## Study material
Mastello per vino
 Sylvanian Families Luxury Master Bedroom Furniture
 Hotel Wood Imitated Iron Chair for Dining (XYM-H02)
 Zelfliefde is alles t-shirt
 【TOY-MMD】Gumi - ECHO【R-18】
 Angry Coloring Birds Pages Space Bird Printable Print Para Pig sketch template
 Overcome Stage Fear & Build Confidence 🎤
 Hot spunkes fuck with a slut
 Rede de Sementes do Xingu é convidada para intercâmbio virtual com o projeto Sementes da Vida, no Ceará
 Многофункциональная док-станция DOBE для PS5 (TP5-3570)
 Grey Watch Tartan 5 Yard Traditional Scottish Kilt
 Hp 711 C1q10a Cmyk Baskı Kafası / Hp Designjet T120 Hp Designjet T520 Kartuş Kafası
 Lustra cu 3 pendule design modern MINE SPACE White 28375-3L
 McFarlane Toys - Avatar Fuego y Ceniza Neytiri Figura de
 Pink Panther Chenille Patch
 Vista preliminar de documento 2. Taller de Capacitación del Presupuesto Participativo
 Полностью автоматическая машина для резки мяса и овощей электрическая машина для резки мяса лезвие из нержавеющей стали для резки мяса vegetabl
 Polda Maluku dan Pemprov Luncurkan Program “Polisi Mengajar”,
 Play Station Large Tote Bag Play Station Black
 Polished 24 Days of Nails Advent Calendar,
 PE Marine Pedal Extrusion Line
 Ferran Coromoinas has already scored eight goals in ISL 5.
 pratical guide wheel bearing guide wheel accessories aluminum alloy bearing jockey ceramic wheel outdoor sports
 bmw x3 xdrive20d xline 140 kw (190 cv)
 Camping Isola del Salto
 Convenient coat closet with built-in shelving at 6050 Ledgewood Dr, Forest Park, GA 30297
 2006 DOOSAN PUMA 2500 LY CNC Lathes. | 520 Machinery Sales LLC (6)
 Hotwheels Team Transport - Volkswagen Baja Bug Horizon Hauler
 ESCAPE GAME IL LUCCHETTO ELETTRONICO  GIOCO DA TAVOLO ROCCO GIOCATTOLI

## Task
Would you quote everything above from the line containing "Ferran Coromoinas has" down to the line containing "Camping Isola del Salto"? Include both of those lines and nothing else.

## Response
 Ferran Coromoinas has already scored eight goals in ISL 5.
 pratical guide wheel bearing guide wheel accessories aluminum alloy bearing jockey ceramic wheel outdoor sports
 bmw x3 xdrive20d xline 140 kw (190 cv)
 Camping Isola del Salto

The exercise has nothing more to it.